Statistics reveal a significant reduction in drowning across Australia

26 May 2021

Royal Life Saving WA is pleased to see that drowning rates across Australia have decreased significantly over the past 12 years. Back in 2008 the Australian Water Safety Council put together the Australian Water Safety Strategy 2008-2020, with an aspirational target of reducing drowning by 50% by 2020.

While drowning figures have not reached this target, unintentional drowning deaths in Australia have reduced by 28% since 2008. Here in Western Australia drowning has decreased by 21%. The Australian Water Safety Strategy has clearly played an important role in saving lives.

Royal Life Saving Society – Australia CEO, Justin Scarr said even though the reductions were short of the 50% reduction target, they were significant. “While this study indicates that support in the form of funding, legislative change and public education may have contributed to significant reductions in drowning over the period, most notably in the reduction of drowning among young children, there is more to be done,” Mr Scarr said.
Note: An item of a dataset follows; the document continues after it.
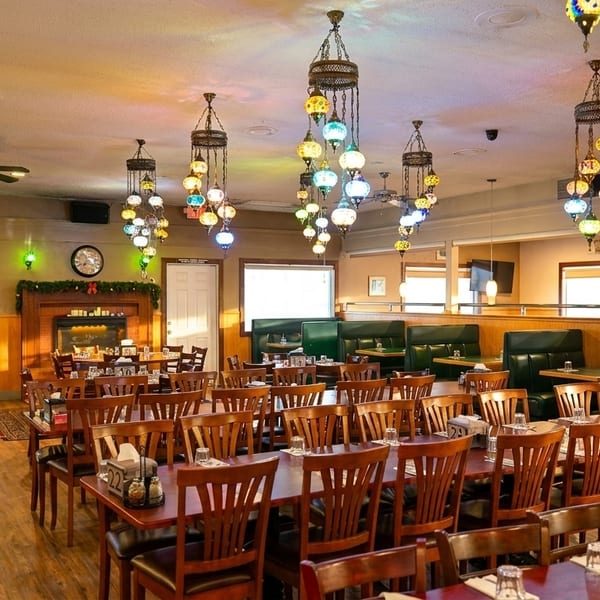 Spacious restaurant dining room with wooden tables, green booths, and colorful hanging lanterns.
In Western Australia the most notable reductions have followed national trends, with a 54% reduction in the 0-4 years age group, a 64% reduction for 5-9s and 76% for children aged 10-14. This can largely be attributed to our state’s strong pool fencing legislation, parental engagement with our annual Keep Watch toddler drowning prevention campaign and continued government and industry support for our child drowning prevention programs.
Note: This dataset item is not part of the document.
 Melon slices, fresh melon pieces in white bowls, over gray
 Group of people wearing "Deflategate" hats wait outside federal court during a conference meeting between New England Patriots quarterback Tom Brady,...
The especially significant reduction in drowning rates for school aged children is particularly pleasing and reflects the strong partnership Royal Life Saving WA has developed with the Education Department to ensure children across the state, even in the most remote communities, are able to access the Department’s In-Term and VacSwim swimming and water safety programs by assisting in the provision of swim instructors to run programs in these communities. We’ve also continued to work hard in building and supporting our network of Endorsed Swim Schools who deliver our Swim and Survive program right across Western Australia.

This analysis of drowning statistics, published in the Australian and New Zealand Journal of Public Health, comes at a time when the United Nations has passed its first ever Resolution on Global Drowning Prevention, calling on all nations to collect and analyse drowning data, and to co-ordinate and develop water safety plans. Joint lead author, Dr Amy Peden, Lecturer, School of Population Health, UNSW Sydney said Australia is a world-leader in drowning prevention. “Australia is leading the way through its cohesive approach to drowning prevention, with the sector collaborating under the Australian Water Safety Strategy, to push for the same outcome, to save lives and see a nation free from drowning,” Dr Peden said.
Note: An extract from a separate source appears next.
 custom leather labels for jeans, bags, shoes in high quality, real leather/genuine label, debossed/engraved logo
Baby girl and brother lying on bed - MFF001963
“While it is pleasing to see strong reductions in river drowning deaths, a 34% reduction against the baseline, rivers and creeks remain the leading location for unintentional fatal drowning in Australia. It is vital that we all respect the river and continue to invest in community-led interventions addressing river drowning risk.”

The research was undertaken to identify areas the new Australian Water Safety Strategy needed to focus on to bring the toll down even further. “This study has signposted several areas of focus, including a need to refocus drowning prevention efforts among older people in light of an ageing population,” Mr Scarr said. “We hope that drowning rates continue to reduce with future Australian Water Safety Strategies.”